About 300,000 people die every day in the world. About 7,000 in the US. That’s about 290 per hour. 27 people die in the US about every two hours. So, why did last week’s outré and bizarre events penetrate us as they did?
Six months into one of our church plants we had a six year old girl die from spinal meningitis.
From the time she told her mother she had a headache to the time she died was just four hours. It was Good Friday. It was going to be our first Easter as a church and we were planning a fantastic resurrection celebration. Cerebrally we knew she was safe in – as Elisabeth Elliot used to say – the Everlasting Arms. Viscerally, however, our little band was in shock and grief. That Easter Sunday we sang all of the appropriate songs that relate to the core of our faith, but these two young parents (twenty something) could not be consoled. Frankly, I was as empty as last year’s bird’s nest.

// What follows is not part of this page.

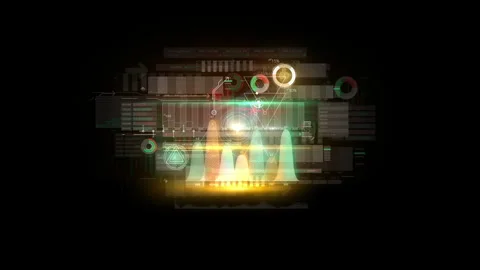 An array of business infographics in the virtual panel. Stock Footage 249822076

Every pastor I’ve spoken to after the shootings in Newtown, CT had a larger than normal crowd the next Sunday.
We did. Everyone wanted answers that I either didn’t have or they didn’t want to hear.
Lots of tears shed… They were looking for two things; someone to blame, and someone to punish. The lack of these two possibilities produced an emptiness of heart for many. I have a seven year old grandson who looks much like those upper middle class kids in Newtown. I wish I could have gotten a peek at John Piper’s sermon notes before I spoke this week, but it doesn’t work that way, does it? I’m a seasoned veteran who grasps the concepts of the sovereignty of God and the reality of the consequences of the Fall. Not so for the newest and youngest among us, however. As we process the events of last week we shall as James (4:8) says, Draw near to God and He will draw near to us.”
Immanuel Kant wrote, “Man is made of such crooked stuff that it is impossible to set him straight.” Kant was wrong. God is in the business of making crooked men straight.